■ WORK ORDER ■
Write the listing out once more, identical to the original but without pictures.

■ SUPPLIED INFORMATION ■
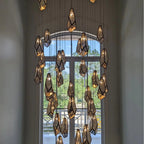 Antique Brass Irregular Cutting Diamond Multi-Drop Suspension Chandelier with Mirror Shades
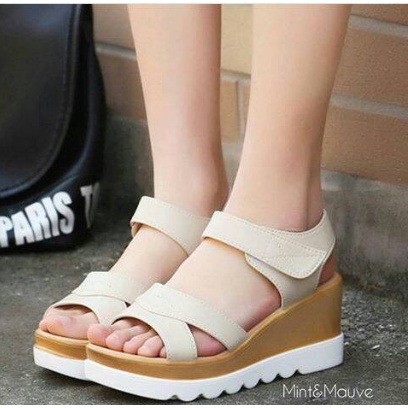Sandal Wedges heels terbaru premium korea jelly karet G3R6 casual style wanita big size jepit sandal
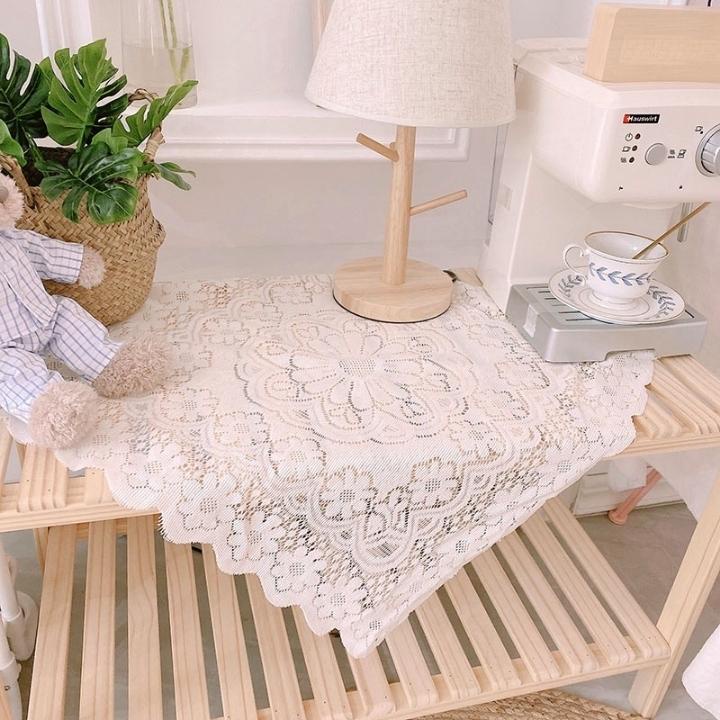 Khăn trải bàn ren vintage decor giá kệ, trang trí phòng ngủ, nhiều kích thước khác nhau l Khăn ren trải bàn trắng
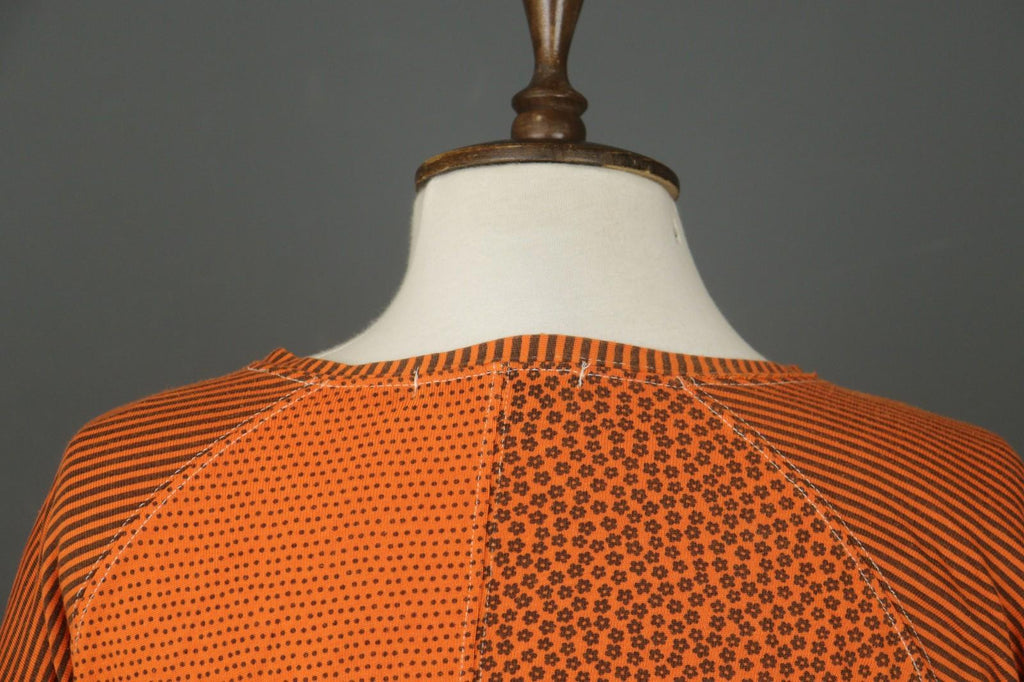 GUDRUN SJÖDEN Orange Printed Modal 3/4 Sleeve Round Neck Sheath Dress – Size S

■ EXERCISE OUTPUT ■
 Antique Brass Irregular Cutting Diamond Multi-Drop Suspension Chandelier with Mirror Shades
Sandal Wedges heels terbaru premium korea jelly karet G3R6 casual style wanita big size jepit sandal
 Khăn trải bàn ren vintage decor giá kệ, trang trí phòng ngủ, nhiều kích thước khác nhau l Khăn ren trải bàn trắng
 GUDRUN SJÖDEN Orange Printed Modal 3/4 Sleeve Round Neck Sheath Dress – Size S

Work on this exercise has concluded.